> Try it: Among the records that follow, find the line with "5 Chardonnay Drive, Hawley Beach TAS 7307" and the line with "Солнцезащитные очки Shield RV P2-4". Set down those lines and all lines between them exactly, without adding anything.

> Data under study:
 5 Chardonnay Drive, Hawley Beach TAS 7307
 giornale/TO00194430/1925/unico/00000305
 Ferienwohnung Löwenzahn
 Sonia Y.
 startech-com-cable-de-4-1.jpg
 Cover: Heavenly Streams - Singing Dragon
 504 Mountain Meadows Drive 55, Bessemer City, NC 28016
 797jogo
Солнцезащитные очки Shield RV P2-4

...

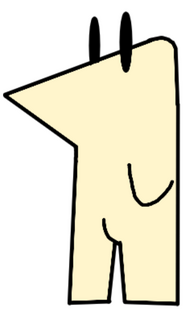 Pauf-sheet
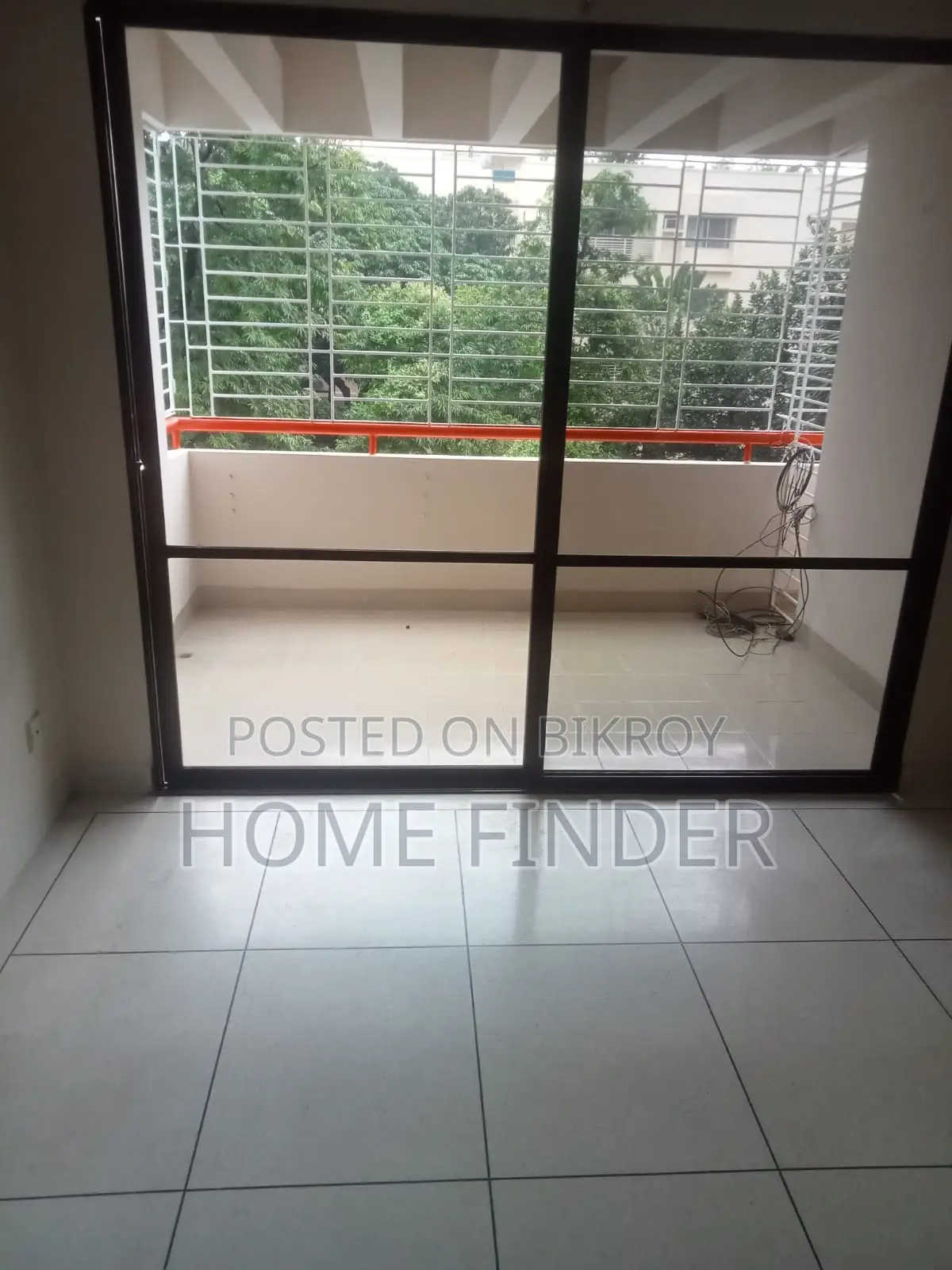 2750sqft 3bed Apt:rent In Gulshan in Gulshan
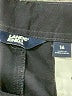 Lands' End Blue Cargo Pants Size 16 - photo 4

--

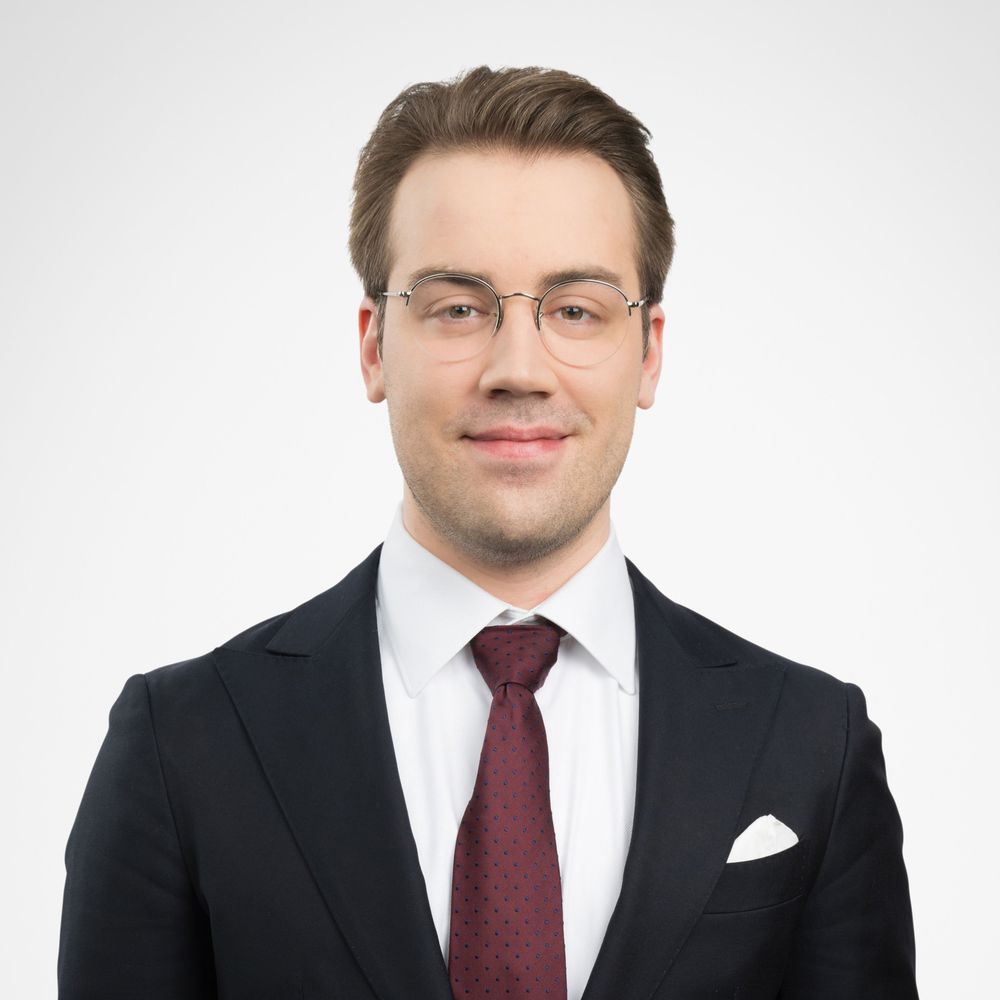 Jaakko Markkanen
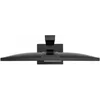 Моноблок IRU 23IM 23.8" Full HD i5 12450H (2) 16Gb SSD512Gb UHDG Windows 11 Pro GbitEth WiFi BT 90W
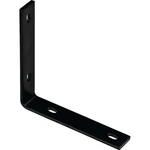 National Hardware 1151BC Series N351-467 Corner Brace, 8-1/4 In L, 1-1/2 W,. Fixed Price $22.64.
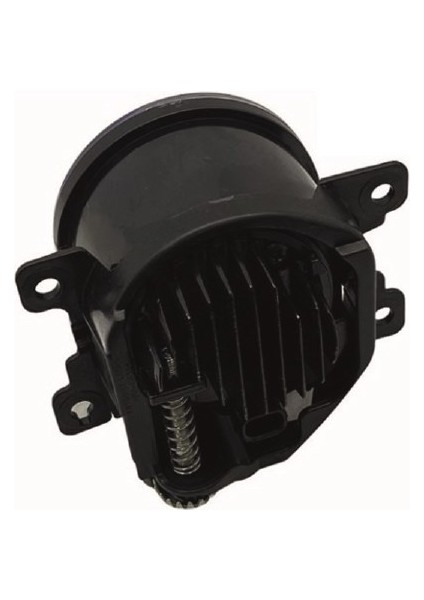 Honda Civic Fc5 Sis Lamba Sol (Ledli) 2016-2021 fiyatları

> Response:
 5 Chardonnay Drive, Hawley Beach TAS 7307
 giornale/TO00194430/1925/unico/00000305
 Ferienwohnung Löwenzahn
 Sonia Y.
 startech-com-cable-de-4-1.jpg
 Cover: Heavenly Streams - Singing Dragon
 504 Mountain Meadows Drive 55, Bessemer City, NC 28016
 797jogo
Солнцезащитные очки Shield RV P2-4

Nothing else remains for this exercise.